Created by: Colin Kälin and Alessio Baccelli, January/February 2020
Blog post: "Energy Demand Prediction in Switzerland with giotto-time" https://towardsdatascience.com/getting-started-with-giotto-time-d9b2088d60ca Summary: This notebook provides a tutorial for time series analysis with giotto-time. The goal is to predict the energy demand of the swissgrid network 21 days in advance.
Data: We are using hourly energy demand data from swissgrid, a Swiss transmission grid operator. The data is available here https://www.swissgrid.ch/en/home/operation/grid-data/generation.html and processed to represent the mean hourly demand per day.
Contents:
# giotto-time
# Feature creation
from gtime.compose import FeatureCreation
from gtime.feature_generation import Calendar, PeriodicSeasonal
from gtime.feature_extraction import (Detrender, CustomFeature, Polynomial,
Shift, MovingAverage, Exogenous)
# Causality testing
from gtime.causality import ShiftedLinearCoefficient
# Models
from gtime.forecasting import GAR, GARFF
from gtime.model_selection import FeatureSplitter, horizon_shift
from gtime.metrics import max_error, smape
from gtime.regressors import LinearRegressor
# Other libraries
# Data handling
import pandas as pd
import numpy as np
# Machine Learning
from sklearn.ensemble import (RandomForestRegressor, GradientBoostingRegressor, ExtraTreesRegressor,
AdaBoostRegressor)
from sklearn.linear_model import LinearRegression
from sklearn.metrics import mean_absolute_error, max_error, r2_score
from src.scores import relative_mean_absolute_error, calculate_score, relative_mean_squared_error, highlight_top
# Plotting
from src.plotting import plot_time_series
import plotly
data = pd.read_csv('data/raw/energy_demand_2016_2019.csv')

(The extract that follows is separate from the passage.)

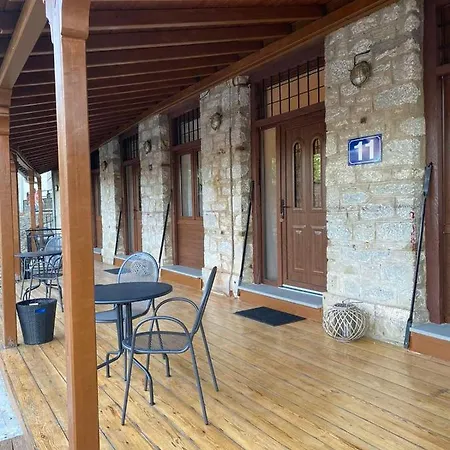 11 Luxury Apartments Metsovo Exterior photo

data['datetime'] = [pd.to_datetime(d) for d in data['datetime'].values]
We have to do some preprocessing here.
time_series = data[['Load [MW]', 'datetime']].copy()

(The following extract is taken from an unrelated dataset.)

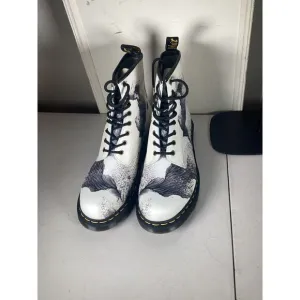 Dr. Martens Men's Combat Boots Size 11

time_series.set_index('datetime', inplace=True)
time_series = time_series.loc[~time_series.index.duplicated()] # Due to the change to winter time, some indices were duplicated. Remove them.
new_dates = time_series.iloc[np.where(np.diff(np.array(time_series.index))
!= np.diff(np.array(time_series.index))[0])[0]].index + pd.DateOffset(hours=1) # Due to the change to summer time, some indices were missing. Add them.
new_values = time_series.iloc[np.where(np.diff(np.array(time_series.index)) != np.diff(np.array(time_series.index))[0])[0]].values.flatten()
df_new = pd.DataFrame([new_dates, new_values]).T
df_new.columns = ['date', 'Load [MW]']
df_new.set_index('date', inplace=True)
time_series = time_series.append(df_new)
time_series = time_series.sort_index()
time_series.tail()
Load [MW] | |
---|---|
2019-11-30 20:00:00 | 5082.19 |
2019-11-30 21:00:00 | 5295.39 |
2019-11-30 22:00:00 | 5527.06 |
2019-11-30 23:00:00 | 5610.04 |
2019-12-01 00:00:00 | 5756.34 |
We aggregate the data on a daily basis. The goal is to predict the daily mean of the energy demand.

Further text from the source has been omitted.